Task inputs:
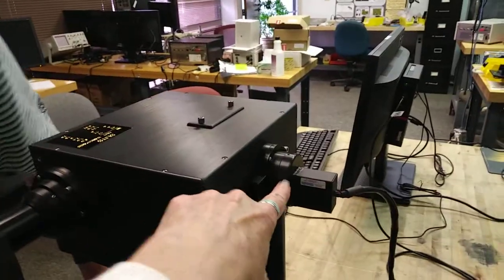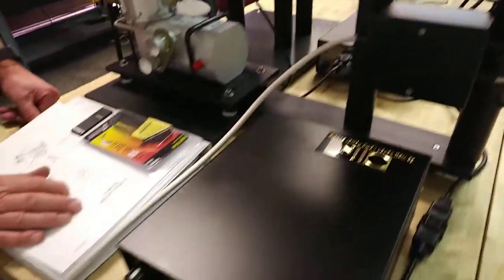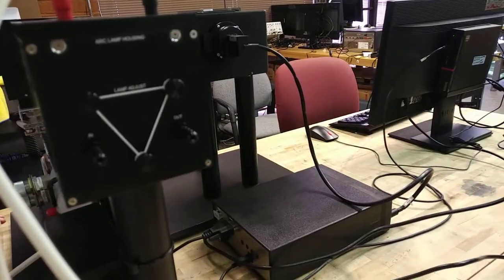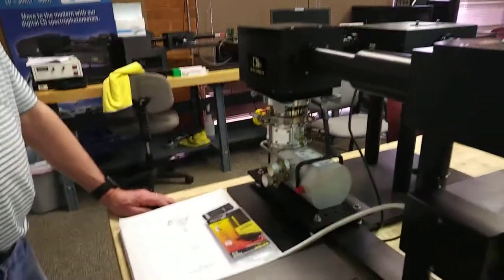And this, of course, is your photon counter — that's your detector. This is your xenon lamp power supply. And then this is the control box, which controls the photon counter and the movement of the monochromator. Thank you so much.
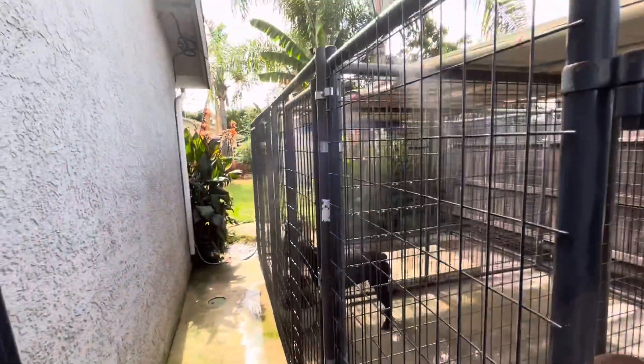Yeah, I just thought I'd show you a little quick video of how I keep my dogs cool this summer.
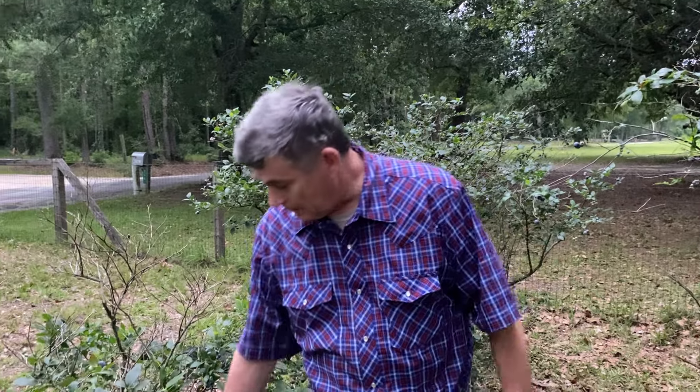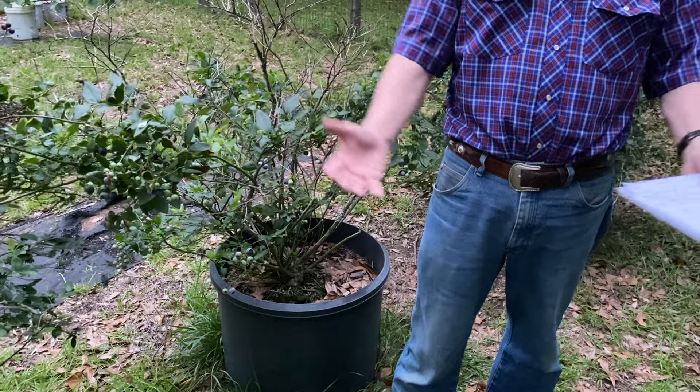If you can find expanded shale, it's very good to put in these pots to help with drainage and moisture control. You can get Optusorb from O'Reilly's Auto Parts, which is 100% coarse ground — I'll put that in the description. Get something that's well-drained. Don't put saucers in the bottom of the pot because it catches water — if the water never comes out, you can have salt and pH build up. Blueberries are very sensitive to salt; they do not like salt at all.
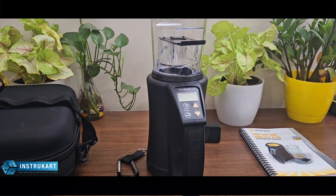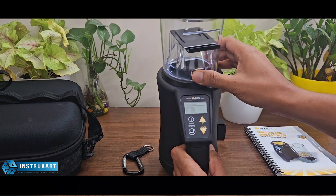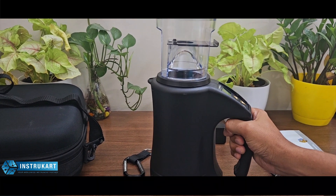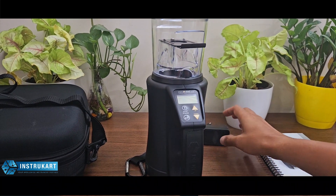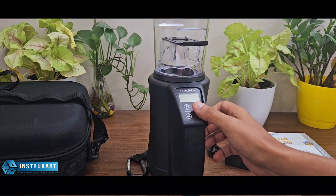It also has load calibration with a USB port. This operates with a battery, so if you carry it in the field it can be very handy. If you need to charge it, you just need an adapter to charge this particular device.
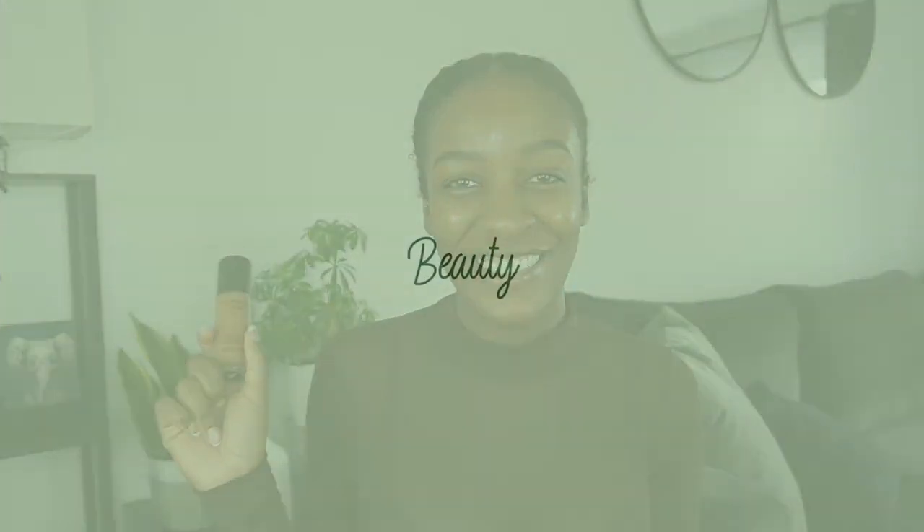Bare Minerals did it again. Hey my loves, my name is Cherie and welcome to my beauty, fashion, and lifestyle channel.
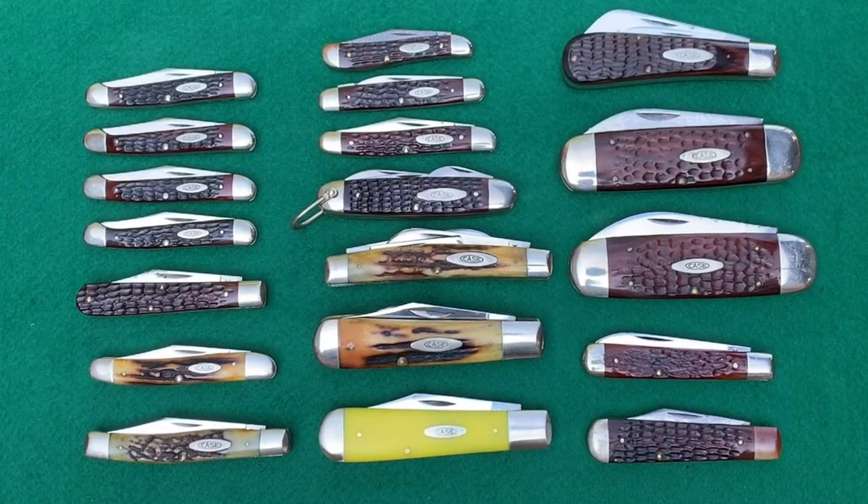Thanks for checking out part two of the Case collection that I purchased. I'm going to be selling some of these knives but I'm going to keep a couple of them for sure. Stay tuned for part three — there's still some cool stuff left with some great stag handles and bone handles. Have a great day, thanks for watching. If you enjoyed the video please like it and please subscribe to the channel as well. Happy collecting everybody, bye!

...

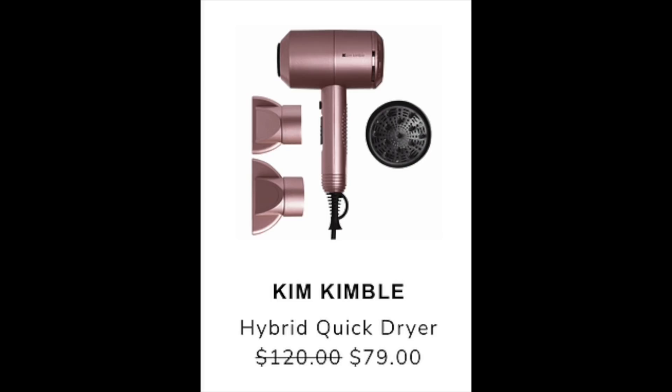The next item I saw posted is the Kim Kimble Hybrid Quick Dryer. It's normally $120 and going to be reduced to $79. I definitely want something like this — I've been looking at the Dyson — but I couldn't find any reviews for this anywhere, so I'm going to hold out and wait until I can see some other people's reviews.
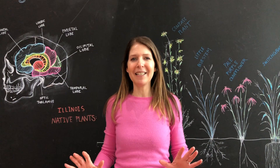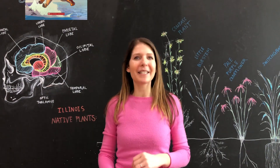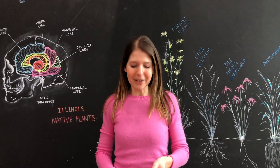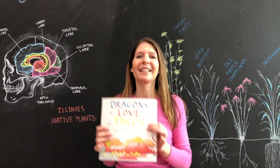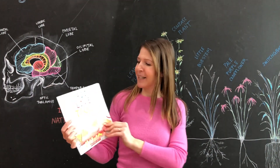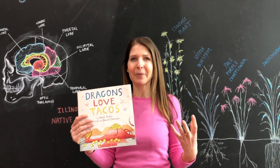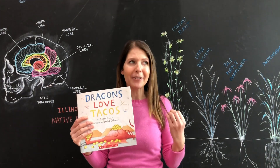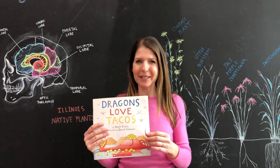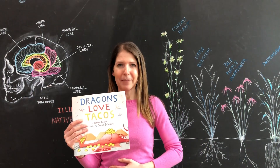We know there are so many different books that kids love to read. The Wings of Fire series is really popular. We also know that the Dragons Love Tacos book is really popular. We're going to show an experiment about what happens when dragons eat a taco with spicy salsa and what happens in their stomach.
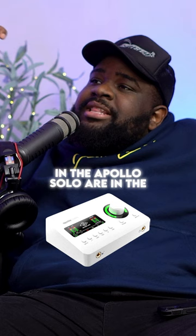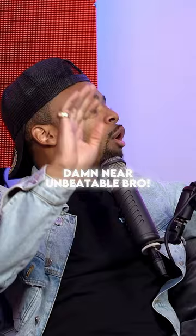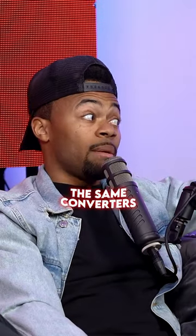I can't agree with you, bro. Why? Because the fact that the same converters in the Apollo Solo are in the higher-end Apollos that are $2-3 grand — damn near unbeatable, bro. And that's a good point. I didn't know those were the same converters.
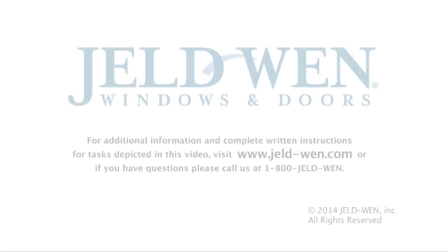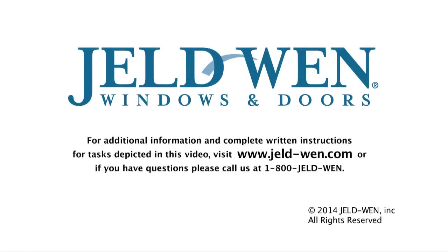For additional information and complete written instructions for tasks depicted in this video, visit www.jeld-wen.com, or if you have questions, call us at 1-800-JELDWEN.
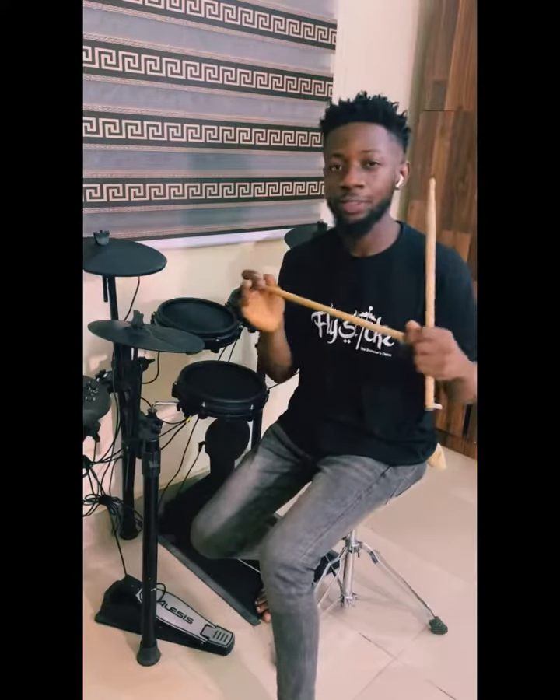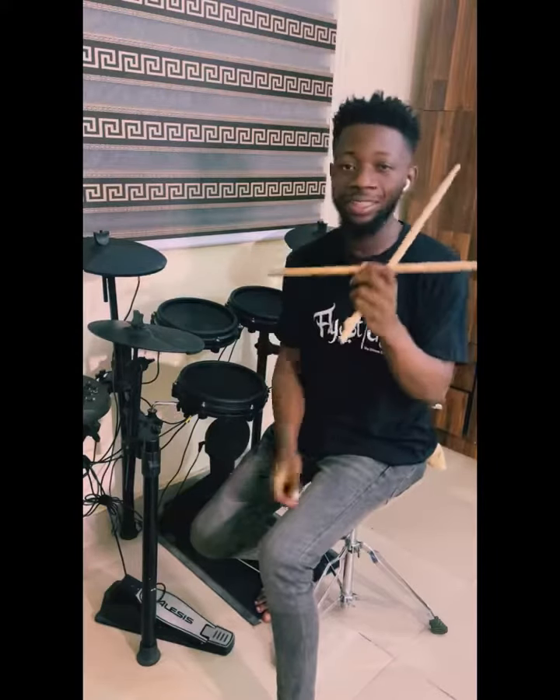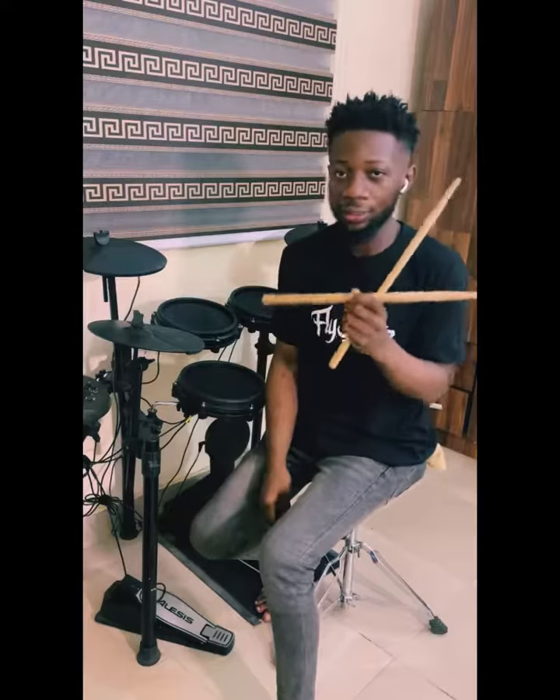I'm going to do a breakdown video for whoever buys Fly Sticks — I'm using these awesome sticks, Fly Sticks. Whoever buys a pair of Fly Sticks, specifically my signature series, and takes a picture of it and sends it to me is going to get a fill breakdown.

Exercise requirements:
Above are some entries. Restate word for word the lines from the one holding "The next item" through the one holding "I'm going to do", but not the pictures.

Task output:
The next item I saw posted is the Kim Kimble Hybrid Quick Dryer. It's normally $120 and going to be reduced to $79. I definitely want something like this — I've been looking at the Dyson — but I couldn't find any reviews for this anywhere, so I'm going to hold out and wait until I can see some other people's reviews.
We know there are so many different books that kids love to read. The Wings of Fire series is really popular. We also know that the Dragons Love Tacos book is really popular. We're going to show an experiment about what happens when dragons eat a taco with spicy salsa and what happens in their stomach.
I can't agree with you, bro. Why? Because the fact that the same converters in the Apollo Solo are in the higher-end Apollos that are $2-3 grand — damn near unbeatable, bro. And that's a good point. I didn't know those were the same converters.
For additional information and complete written instructions for tasks depicted in this video, visit www.jeld-wen.com, or if you have questions, call us at 1-800-JELDWEN.
I'm going to do a breakdown video for whoever buys Fly Sticks — I'm using these awesome sticks, Fly Sticks. Whoever buys a pair of Fly Sticks, specifically my signature series, and takes a picture of it and sends it to me is going to get a fill breakdown.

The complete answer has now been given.